Das Bundesasylamt richtete am 10.01.2008 ein Wiederaufnahmeersuchen an Polen. Mit Schreiben vom 17.01.2008, eingelangt am 21.01.2008, stimmte Polen dem Wiederaufnahmeersuchen gemäß Art. 16 Abs. 1 lit. c Dublin II-VO ausdrücklich zu (AS 77).
2. Mit dem hier angefochtenen Bescheid des Bundesasylamtes wurde der Antrag des Beschwerdeführers auf internationalen Schutz ohne in die Sache einzutreten gemäß § 5 Abs. 1 AsylG als unzulässig zurückgewiesen und ausgesprochen, dass für die Prüfung des gegenständlichen Asylantrages gemäß Art. 13 iVm Art. 16 (1) lit. c der Verordnung Nr. 343/2003 (EG) des Rates vom 18. Februar 2003 zur Festlegung der Kriterien und Verfahren zur Bestimmung des Mitgliedstaats, der für die Prüfung eines von einem Drittstaatsangehörigen in einem Mitgliedstaat gestellten Asylantrags zuständig ist (im Folgenden: "Dublin II-VO"), Polen zuständig sei. Gleichzeitig wurde der Beschwerdeführer gemäß § 10 Abs. 1 Z 1 AsylG aus dem österreichischen Bundesgebiet nach Polen ausgewiesen, und gemäß § 10 Abs. 4 AsylG festgestellt, dass die Zurückweisung, Zurückschiebung oder Abschiebung des Beschwerdeführers nach Polen zulässig sei.
Dagegen richtet sich die vorliegende Beschwerde. Die Beschwerdevorlage langte laut Eingangsstempel des Asylgerichtshofes am 08.07.2008 bei diesem Gerichtshof ein.
3. Ebenso wurde erstinstanzlich über den die Ehegattin des Beschwerdeführers betreffenden Antrag auf internationalen Schutz vom 09.01.2008 entschieden (Bescheid des Bundesasylamtes vom 16.06.2008, Zahl: 08 00.406-EAST Ost).
Mit hg. Erkenntnis vom heutigen Tag, GZ S2 400.425-1/2008/9E, wurde der gegen diesen Bescheid gerichteten Beschwerde der Ehegattin des Beschwerdeführers gemäß § 41 Abs. 3 AsylG idF BGBl. I Nr. 100/2005 stattgegeben und der bekämpfte Bescheid behoben.
II. Der Asylgerichtshof hat erwogen:
1. Mit 01.01.2006 ist das neue Bundesgesetz über die Gewährung von Asyl in Kraft getreten (AsylG idF BGBl. I Nr. 100/2005) und ist somit auf alle ab diesem Zeitpunkt gestellten Asylanträge anzuwenden.
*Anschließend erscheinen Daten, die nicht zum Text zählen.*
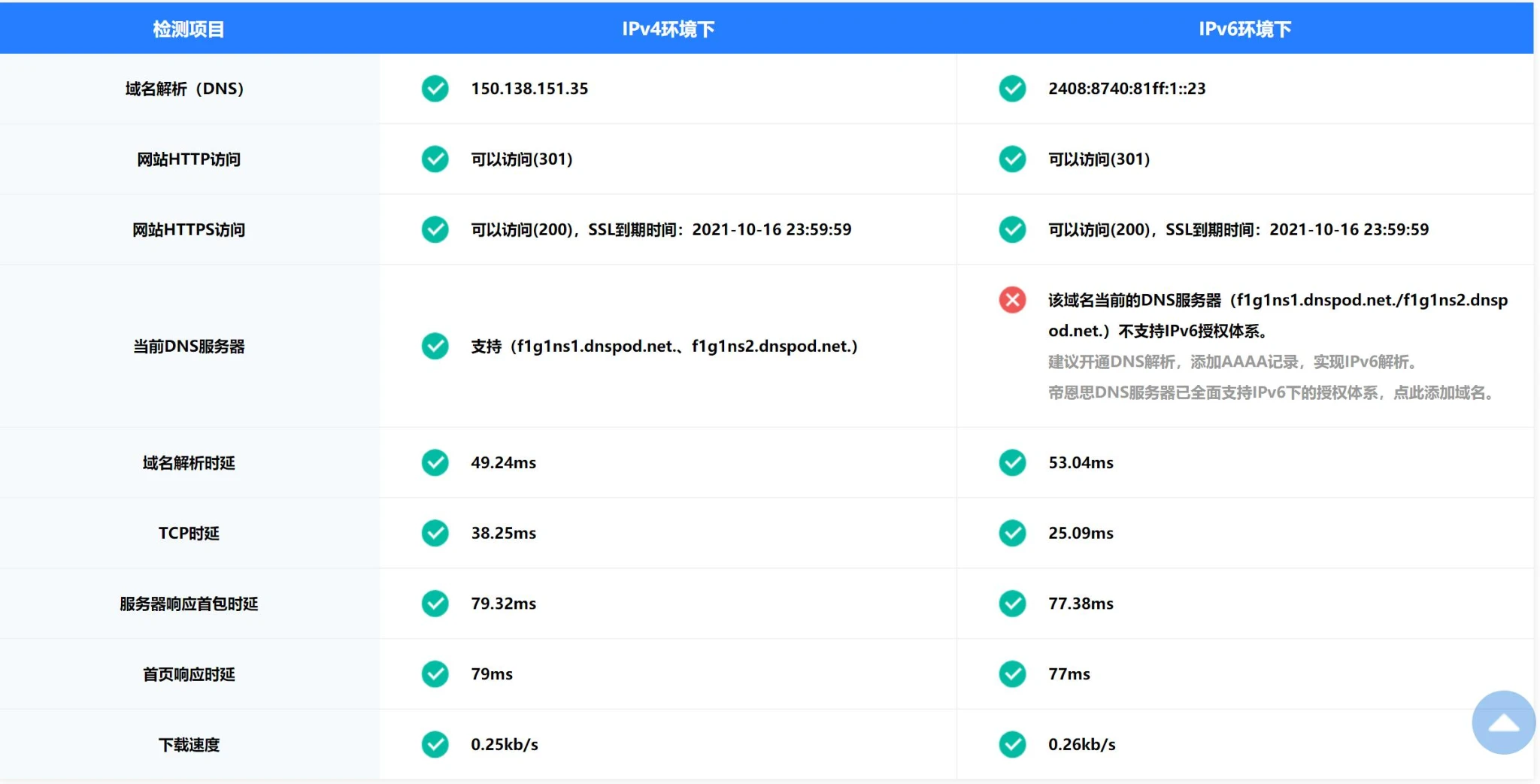 将dns服务更换到了帝恩思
Im gegenständlichen Fall wurde der Antrag im Jänner 2008 gestellt, weshalb § 5 AsylG idF BGBI. I Nr. 100/2005 zur Anwendung gelangt.
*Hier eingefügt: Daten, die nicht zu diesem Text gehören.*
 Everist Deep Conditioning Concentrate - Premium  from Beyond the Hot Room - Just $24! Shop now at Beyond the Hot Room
Gemäß § 41 Abs. 3 erster Satz AsylG ist in einem Verfahren über eine Beschwerde gegen eine zurückweisende Entscheidung und die damit verbundene Ausweisung § 66 Abs. 2 AVG nicht anzuwenden. Ist der Beschwerde gegen die Entscheidung des Bundesasylamts im Zulassungsverfahren stattzugeben, ist das Verfahren gemäß § 41 Abs. 3 zweiter Satz AsylG zugelassen. Der Beschwerde gegen die Entscheidung im Zulassungsverfahren ist gemäß § 41 Abs. 3 letzter Satz AsylG auch stattzugeben, wenn der vorliegende Sachverhalt so mangelhaft ist, dass die Durchführung oder Wiederholung einer mündlichen Verhandlung unvermeidlich erscheint.
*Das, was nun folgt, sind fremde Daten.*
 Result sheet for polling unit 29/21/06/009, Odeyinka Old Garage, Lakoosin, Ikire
2. Der Beschwerdeführer ist im Zeitpunkt seiner Asylantragstellung der Ehegatte von S. A.. Die Familiengemeinschaft hat bereits im Herkunftsstaat bestanden.
Gemäß Art. 8 Abs. 1 EMRK hat jedermann Anspruch auf Achtung seines Privat- und Familienlebens, seiner Wohnung und seines Briefverkehrs. Gemäß Art. 8 Abs. 2 EMRK ist der Eingriff einer öffentlichen Behörde in die Ausübung dieses Rechts nur statthaft, insoweit dieser Eingriff gesetzlich vorgesehen ist und eine Maßnahme darstellt, die in einer demokratischen Gesellschaft für die nationale Sicherheit, die öffentliche Ruhe und Ordnung, das wirtschaftliche Wohl des Landes, die Verteidigung der Ordnung und zur Verhinderung von strafbaren Handlungen, zum Schutz der Gesundheit und der Moral oder zum Schutz der Rechte und Freiheiten anderer notwendig ist.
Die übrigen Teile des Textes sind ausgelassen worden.